- _PROMPT_: Restate, exactly as written, the entries below from the line that holds "14 Lakeshore Drive, Belgrade, ME, 04917" through the line that holds "#1 photo, 156-00". Pictures are not part of the copy.

- _THE DATA_:
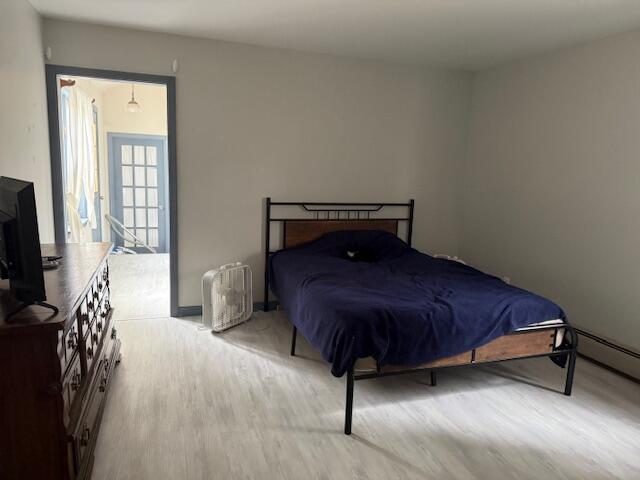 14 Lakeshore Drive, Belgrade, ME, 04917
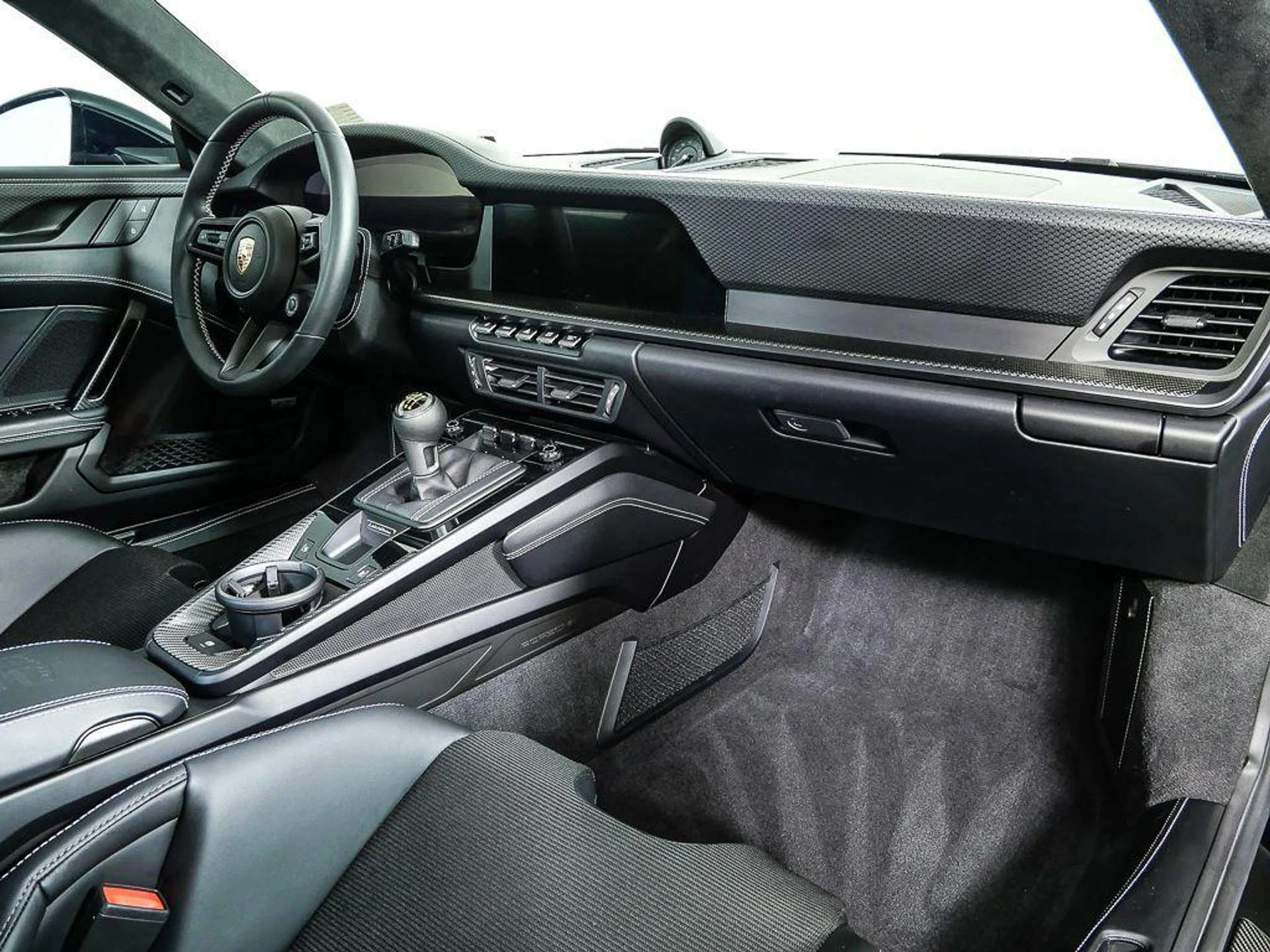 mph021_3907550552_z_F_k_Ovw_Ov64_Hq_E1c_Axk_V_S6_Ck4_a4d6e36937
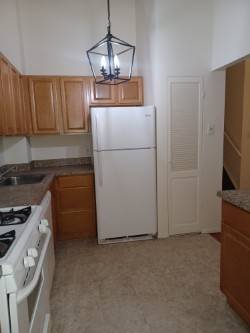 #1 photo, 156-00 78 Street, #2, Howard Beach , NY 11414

* * *

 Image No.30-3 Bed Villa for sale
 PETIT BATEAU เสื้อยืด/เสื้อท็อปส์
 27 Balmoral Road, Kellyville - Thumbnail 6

- _FINAL ANSWER_:
 14 Lakeshore Drive, Belgrade, ME, 04917
 mph021_3907550552_z_F_k_Ovw_Ov64_Hq_E1c_Axk_V_S6_Ck4_a4d6e36937
 #1 photo, 156-00 78 Street, #2, Howard Beach , NY 11414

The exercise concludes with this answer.